Would the band have any qualms about signing to a major label? The pair let
out a resounding "No."
Gareth: "There's no difference between them and big independents. In fact, you can get more fucked on big independents sometimes. Some independents can really fuck you up, because they work on the same contract basis (as major labels), but they're not part of 'the big five', and that's what a lot of people think about, 'the big five'. Their contracts are exactly the same, if not worse sometimes. Maybe I'm saying this because of who I work for, but a major label's interest is to run a business, and to a large degree they don't give a fuck about music. I think the label I work for prove that they don't really give a fuck. I mean, they do and can," he says, quick to make sure he's not putting out the wrong message, "but you just have to look at some of the artists they've signed, or the fact that they put out novelty records. Shit, I'll probably get sacked if they read this."
So, you mentioned the evolution of the songwriting within the band, what's
the next stop for the Copperpot Journals?
Euan: "It'll be a progression from 'Pilots', I think. As a band, creatively we've barely scratched the surface. We've got so many diverse influences as musicians."
Gareth: "I hate it when bands do an album, and think "we've got it, we'll ride with this, we've got to make it with this album". You kind of think, well, they've not really got faith in themselves as writers, as musicians, as a band, to think that's the best they could ever do."
So the band are constantly pushing themselves onwards personally and music-wise?
"As musicians, everyone pushes themselves. As a band, if we thought for a minute that we'd be standing still, it wouldn't be right. The next thing we do will be a progression from what we've done.
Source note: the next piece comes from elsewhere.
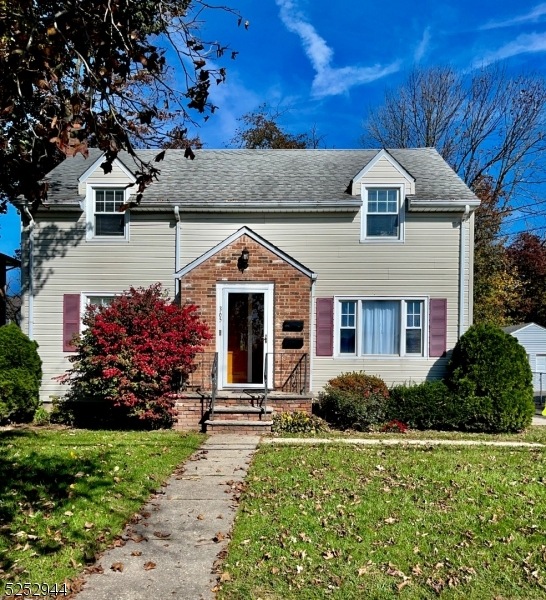 365 Forest Rd unit 2, Scotch Plains, NJ 07076 - photo 1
I'm hoping it won't be a sidestep, as it were," explains Euan.
Gareth reminisces, "I remember when we finished 'Pilots', our mates were asking what it sounds like, and I remember saying "I'm so proud we've got this record out, and if the band ended tomorrow, I'd be happy", in the sense that after we did 'Plotting...' I knew we could do another record, and if we'd finished there I would have been gutted. Looking back on it now, I'm back there. I'd listened to it for the first time in a while for rehearsal purposes, and I was thinking "Christ, I know we've got so much more we can do", even though I'm so proud of it. I'd be letting myself down if I was to say I'd be happy leaving it at that. There's no way I'd leave it now."